[WHAT YOU SHOULD DO]
From the entries below, reproduce exactly the lines from the one with "ARTE POVERA アルテポーヴェラ　チェコキルトRE-ARMEE" through the one with "Floral Purple Clear", both included, without images.

[RECORDED INFORMATION]
_ _ _ _ _ _ _
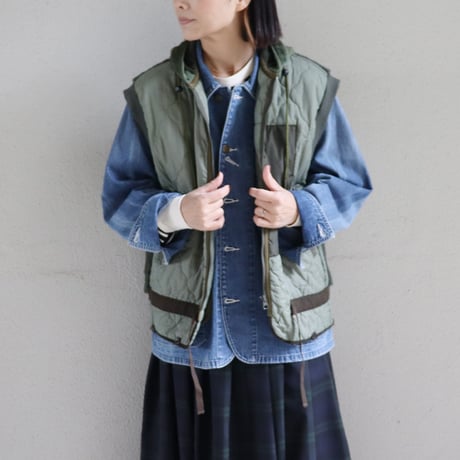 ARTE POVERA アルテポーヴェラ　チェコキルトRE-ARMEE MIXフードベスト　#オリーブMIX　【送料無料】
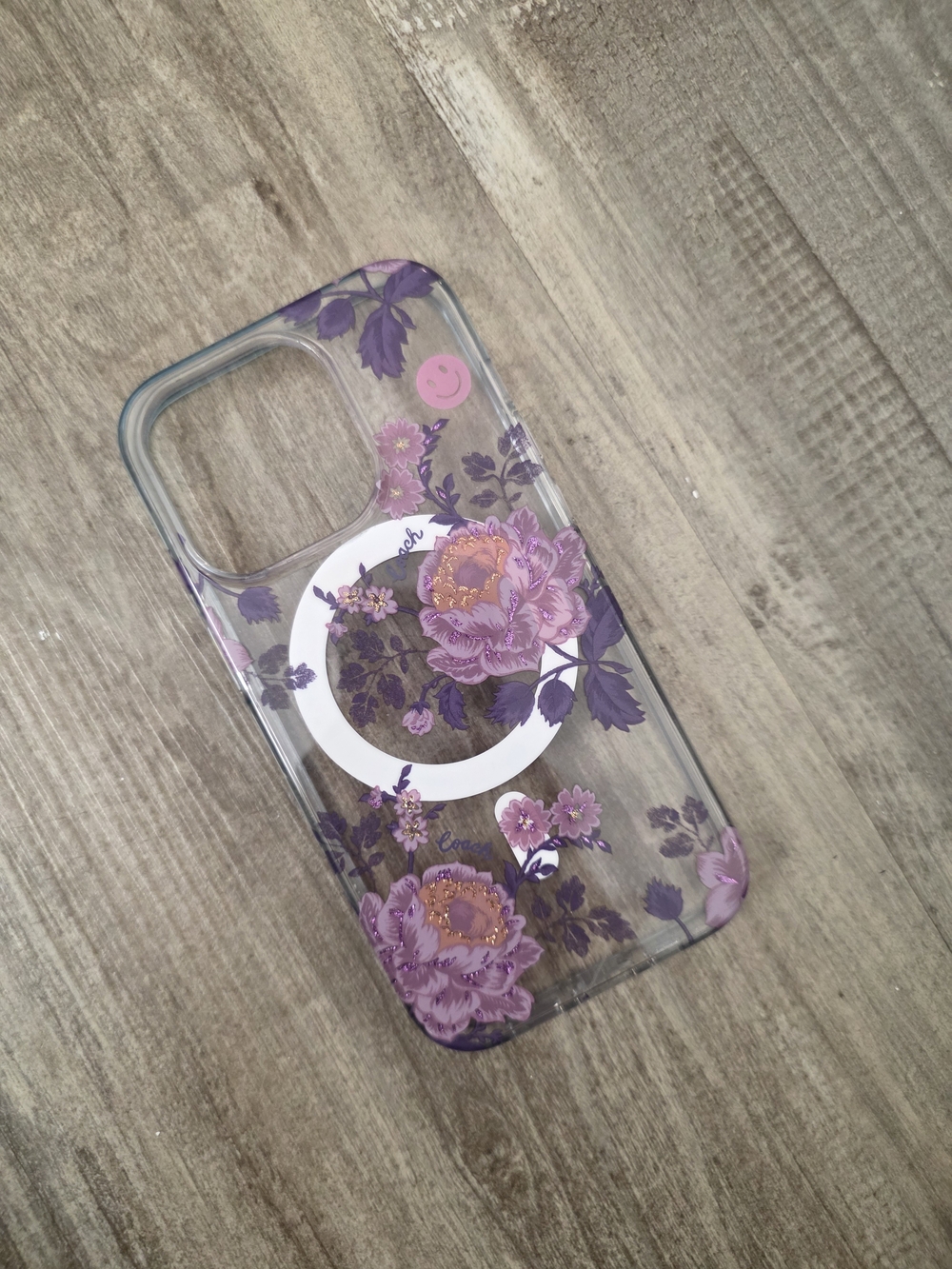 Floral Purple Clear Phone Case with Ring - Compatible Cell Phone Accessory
_ _ _ _ _ _ _
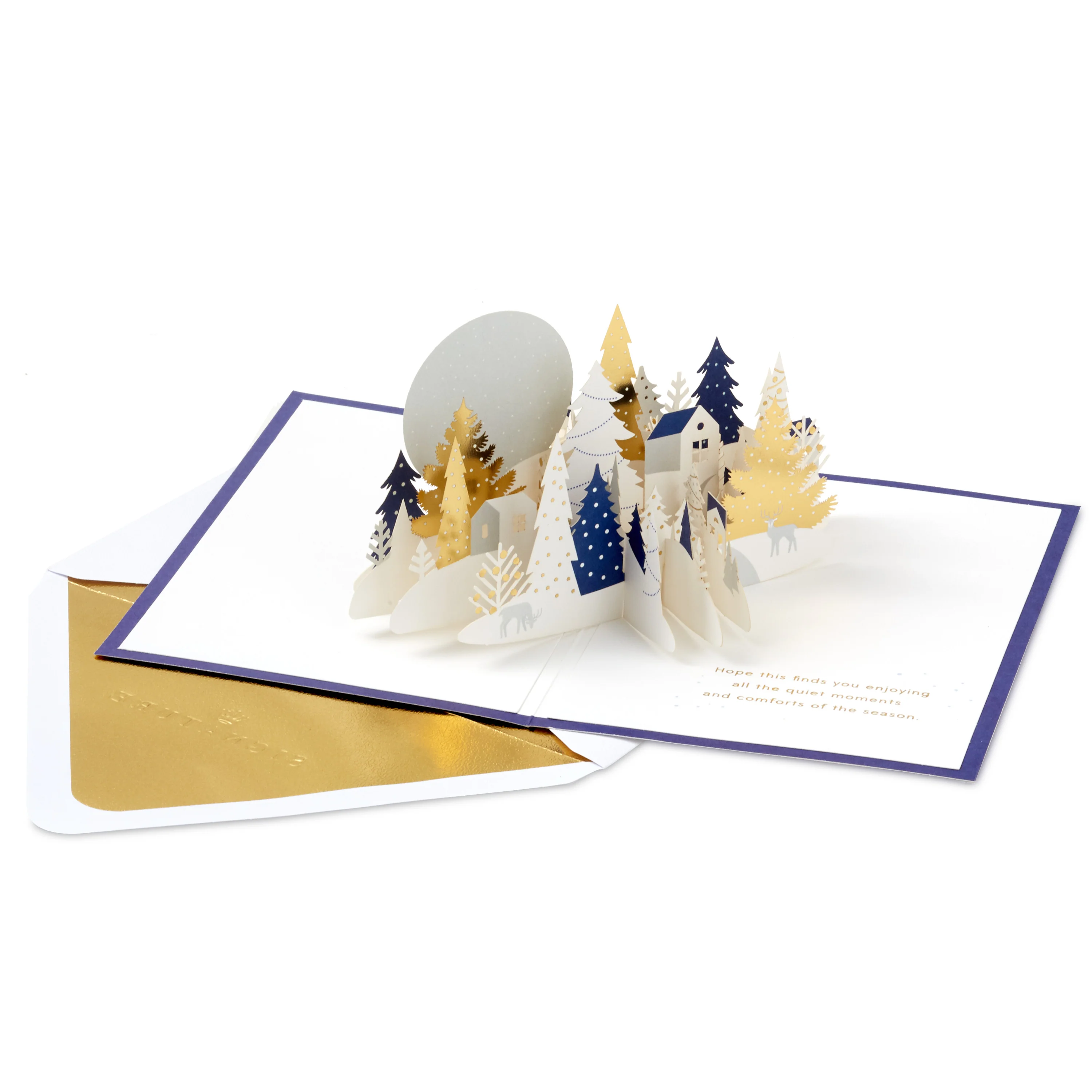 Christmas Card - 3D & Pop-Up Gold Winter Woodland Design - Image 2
_ _ _ _ _ _ _
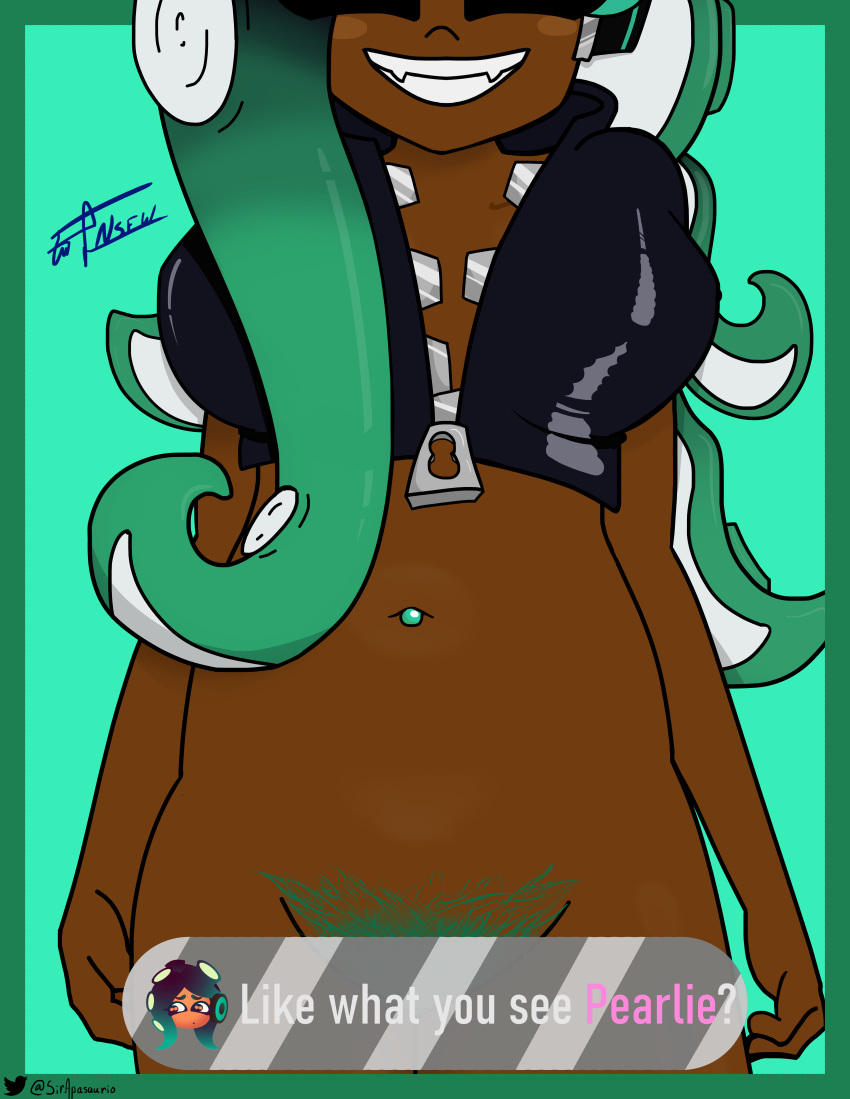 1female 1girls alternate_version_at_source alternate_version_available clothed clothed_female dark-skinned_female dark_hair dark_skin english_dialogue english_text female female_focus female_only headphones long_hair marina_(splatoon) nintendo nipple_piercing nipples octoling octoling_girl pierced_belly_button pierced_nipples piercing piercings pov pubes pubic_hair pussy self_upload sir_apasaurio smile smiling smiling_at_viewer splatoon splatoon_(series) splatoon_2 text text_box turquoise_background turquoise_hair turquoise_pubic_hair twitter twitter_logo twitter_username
_ _ _ _ _ _ _
[EXERCISE RESULT]
 ARTE POVERA アルテポーヴェラ　チェコキルトRE-ARMEE MIXフードベスト　#オリーブMIX　【送料無料】
 Floral Purple Clear Phone Case with Ring - Compatible Cell Phone Accessory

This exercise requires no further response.